• [What you should do] Copy word for word, please, the lines of the entries below running from the one containing "How Do People" to the one containing "2203 - 15 Queens", both ends included.
BEGIN Extracted entries
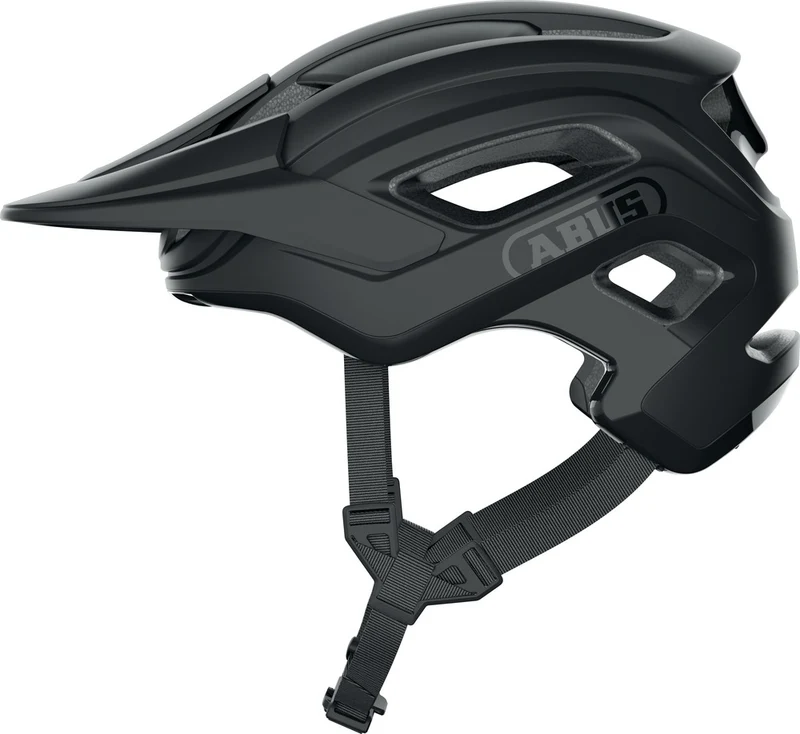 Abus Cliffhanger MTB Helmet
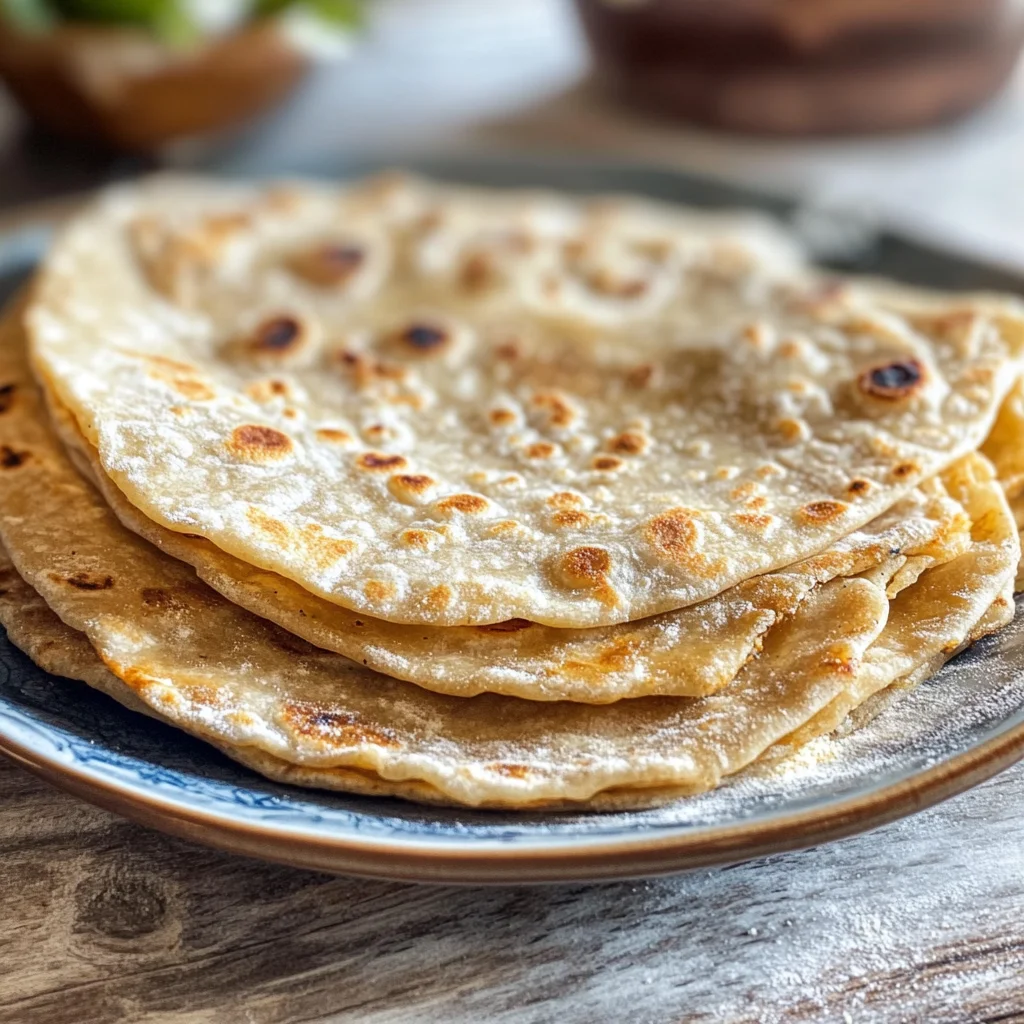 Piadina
END Extracted entries
BEGIN Extracted entries
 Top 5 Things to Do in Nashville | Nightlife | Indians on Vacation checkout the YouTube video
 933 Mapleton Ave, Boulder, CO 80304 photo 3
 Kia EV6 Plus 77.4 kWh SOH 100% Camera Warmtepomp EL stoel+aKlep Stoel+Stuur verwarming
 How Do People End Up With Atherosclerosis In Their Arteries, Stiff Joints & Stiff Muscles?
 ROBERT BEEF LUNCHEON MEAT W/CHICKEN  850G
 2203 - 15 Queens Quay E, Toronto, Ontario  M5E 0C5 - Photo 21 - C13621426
END Extracted entries
• [Problem solution]
 How Do People End Up With Atherosclerosis In Their Arteries, Stiff Joints & Stiff Muscles?
 ROBERT BEEF LUNCHEON MEAT W/CHICKEN  850G
 2203 - 15 Queens Quay E, Toronto, Ontario  M5E 0C5 - Photo 21 - C13621426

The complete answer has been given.